Since then, Intel has made a number of "hacks" to the i686 architecture.
One is HyperThreading which tries to keep its pipes full by using its
control units to virtualize two instruction schedulers, registers, etc...
In a nutshell, it's a nice way to get "out-of-order and register
renaming for almost free."  Other than basic coherency checking as
necessary in silicon, it "passes the buck" to the OS, leveraging its
context switching (and associated overhead) to manage some details.
That's why HyperThreading can actually be slower for some applications,
because they do not thread, and the added overhead in _software_
results in reduced processing time for the applications.

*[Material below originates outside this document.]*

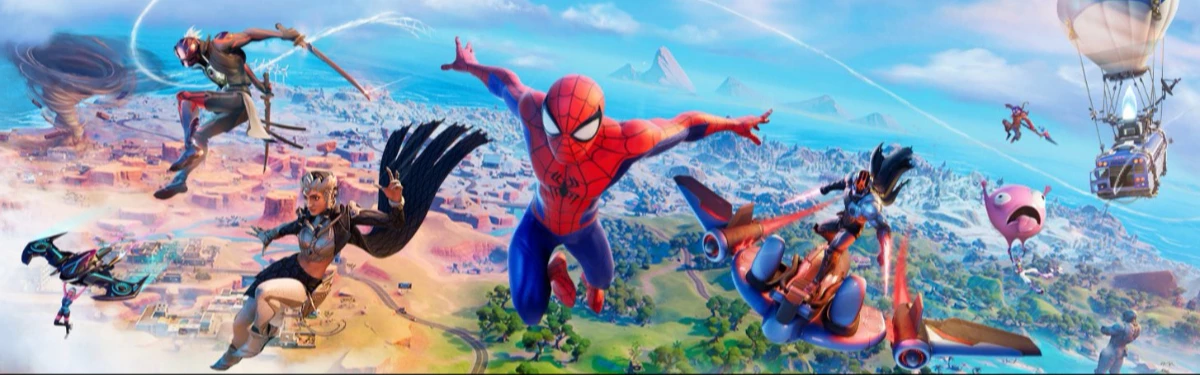 Epic Games представила два новых трейлера с картой и боевым пропуском к третьей главе Fortnite Epic Games представила два новых трейлера с картой и боевым пропуском к третьей главе Fortnite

"Yamhill" IA-32e aka "EM64T"  was just a P4 ALU refit for x86-64/PAE52,
but it lacks many design considerations that the Athlon has -- especially
outside the programmer/software considerations, and definitely more
at the core interconnect/platform..  I.e., because Intel continues to use
a single-point-of-contention "memory controller hub" (MCH), memory
interconnect and I/O management, among other details, are still left to
the MCH.  This is going to become more and more of a headache.  The
reality is that the Intel IA-32e platform _must_ get past the "northbridge
outside the CPU" attitude to compete with AMD.
As such, I have _always_ theorized that "Yamhill" is a 2-part project.

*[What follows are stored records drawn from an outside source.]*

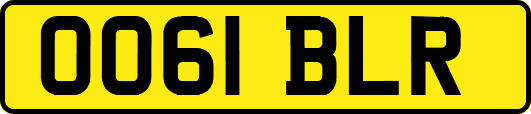 OO61BLR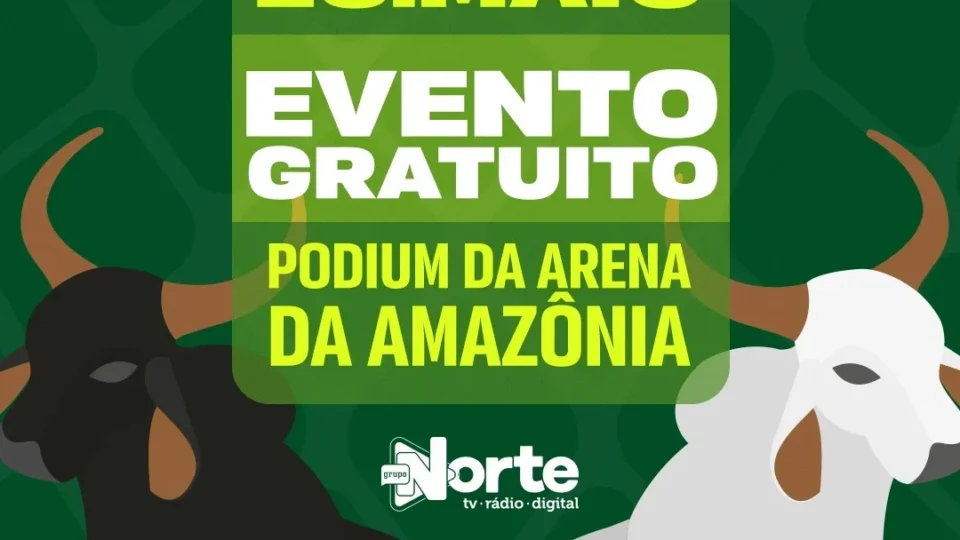 É AMANHÃ! Norte Bumbás é o maior ‘esquenta’ gratuito para o Festival de Parintins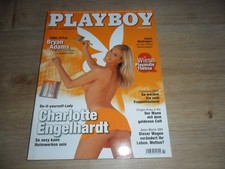 Playboy 10 Oktober 2005 CHARLOTTE ENGELHARDT Thessa Gierer Kult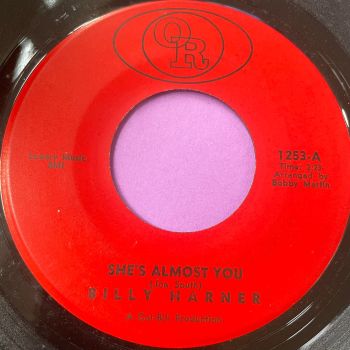 Billy Harner-She's almost you-OR E+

Part 2 is the first redesign of a x86 core in almost (now) 12 years,
which goes beyond merely adding true register renaming and out-of-
order execution (which are largely hacks in the P4/HT), but goes directly
to the concept of virtualizing cores.  More on that in a bit, now AMD ...
- AMD x86 Complete Design Lineage
AMD Gen 1 (1992*):  i386/486 ISA -- 386, 486, 5x86, K5*
- Non-superscalar:  ALU + optional FPU (std. in K5)

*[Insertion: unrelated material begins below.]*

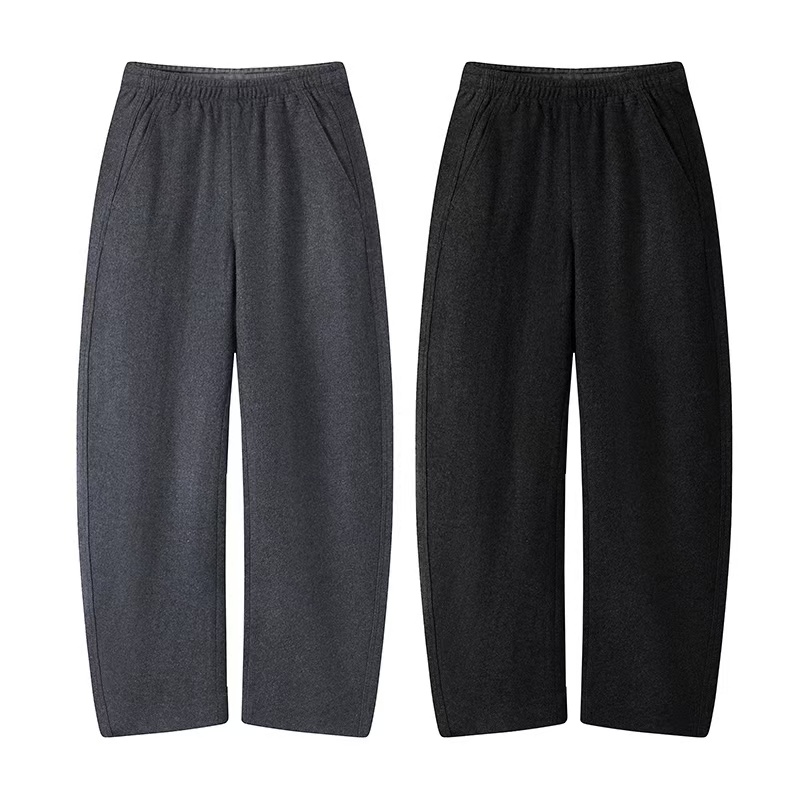 松紧腰宽松显瘦休闲香蕉卫裤女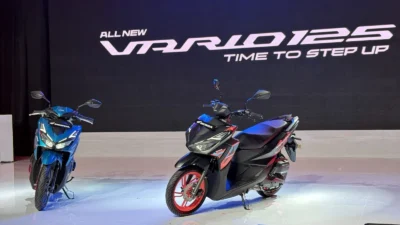 Cek Harga Honda Vario 125 Street, Ini Spesifikasinya!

AMD Gen 2 (1994*):  i486/686 ISA -- Nx586+FPU/K5*, Nx686/K6
- Superscalar:  3+1 ALU+FPU (ALUs pipelined, FPU _not_ piplined)
AMD Gen 3 (1999):  i686/x86-64 ISA -- Athlon, Athlon64/Opteron
- Superscalar:  3+3 ALU+FPU (pipelined), FPU 2 _and_ 1 ADD/MULT
- Extensions are microcoded and leverage ALU/FPU as appropriate
*NOTE:  The NexGen Nx586 released in 1994 forms the basis for
latter K5 (i486) and the K6 (i686).  AMD had scalability issues with
its original non-superscalar K5 design and purchased NexGen.
SIDE NOTE:  SSE Comparison
- P4 can do 3 MULT SSE (1 FPU complex + 2 SSE pipes)
- Athlon can do 3 MULT SSE (2 FPU complex + 1 FPU MULT)
Contrary to popular opinion, Athlon64/Opteron is the _same_core_
design as the 32-bit Athlon platform.  It is still the same, ultra-
powerful 3+3 ALU+FPU core, with its 2 complex + 1 ADD/MULT
FPU able to equal Intel's 1 complex _or_ 2 ADD FPU plus 2 SSE
pipes at doing the majority of matrix transforms (which are MULT --
hence why Intel's FPU can't do 2 simultaneously, and relies heavily
on its precision-lacking SSE pipes).
Also contrary to popular opinion, 40-bit/1TiB Digital Alpha EV6
interconnect forms the basis for _all_ addressing in _all_ Athlon
releases, including the 32-bit.  There are a few mainboards that
allow even 32-bit Athlons to safely address above 4GB with
_no_ paging or issues (with an OS that offers such a supporting
kernel, like Linux).  The 3-16 point EV6 crossbar and not
"hub" architecture, forced Athlon MP to put any I/O coherency
login in the chip, so the AGPgart control is actually on the Athlon
MP, and not in the northbridge.  This has evolved into a full
I/O MMU in Athlon64/Opteron.
Because Athlon is 5 years newer than Intel i686, and there is
a wealthy of talent influx from Digital (even though Intel did get
some as well, they haven't redesigned i686 completely), Athlon
has some of the latest, run-time register renaming and out-of-order
execution control in the core itself.  This is why doing something
like HyperThreading would benefit AMD _very_little_ and largley
introduce self-defeating (and even performance reducing) overhead.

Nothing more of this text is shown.